▶ _RECORDED DATA_
........

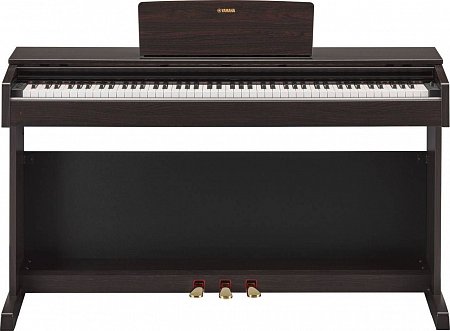 YAMAHA YDP-143R цифровое фортепиано, цвет Dark Rosewood купить в Москве: цены, доставка, фото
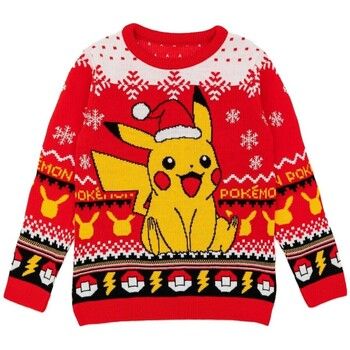 Pokemon Jersey NS7253 para niña
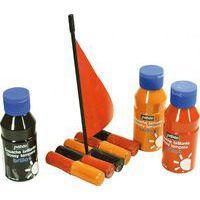 Assortiment de 10 flacons 500 ml brillo pebeo - Image 2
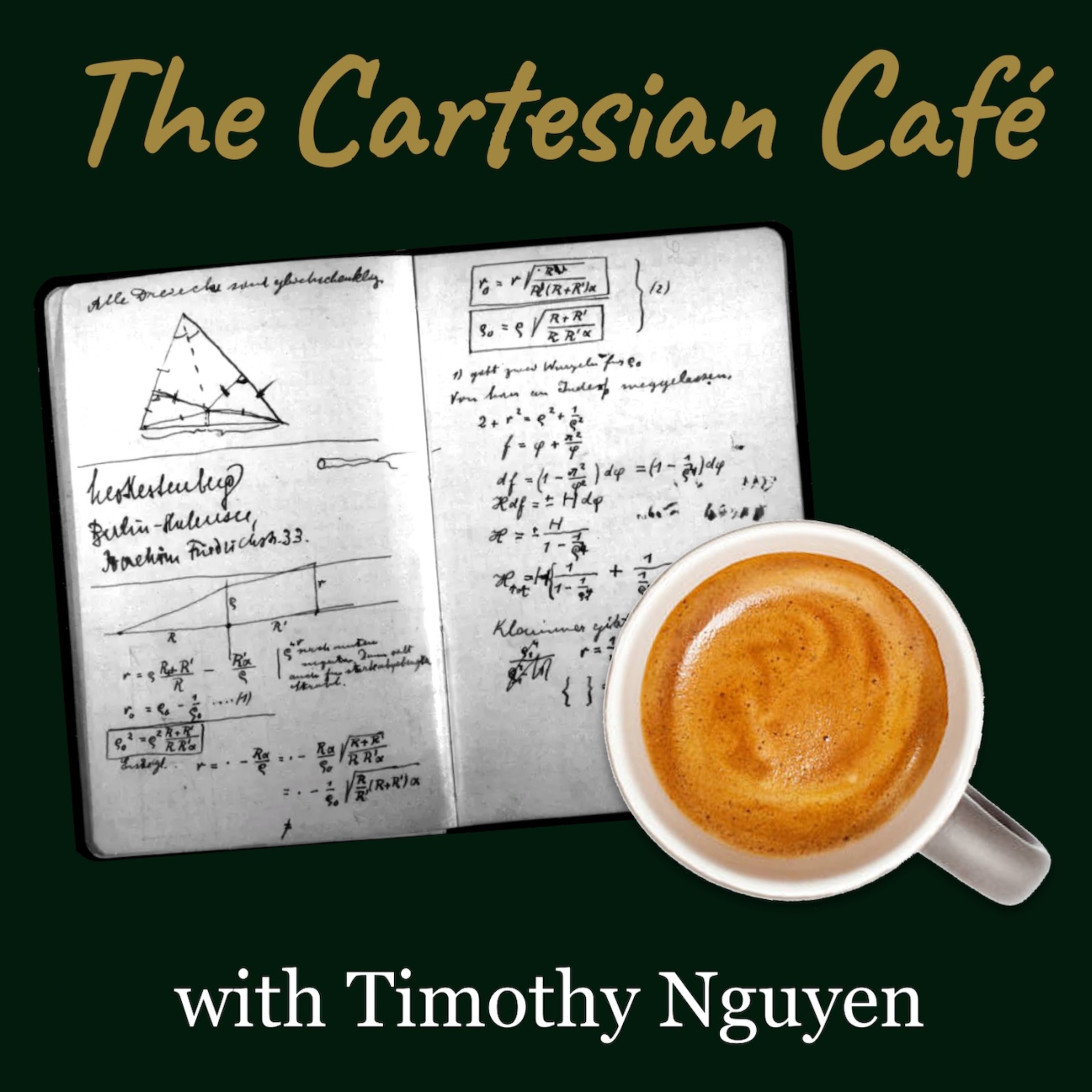 The Cartesian Cafe Image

........

▶ _TO DO_
A word-for-word copy of the lines from the one with "Assortiment de 10" through the last line of the data above is required, with both end lines included and no pictures.

▶ _EXPECTED ANSWER_
 Assortiment de 10 flacons 500 ml brillo pebeo - Image 2
 The Cartesian Cafe Image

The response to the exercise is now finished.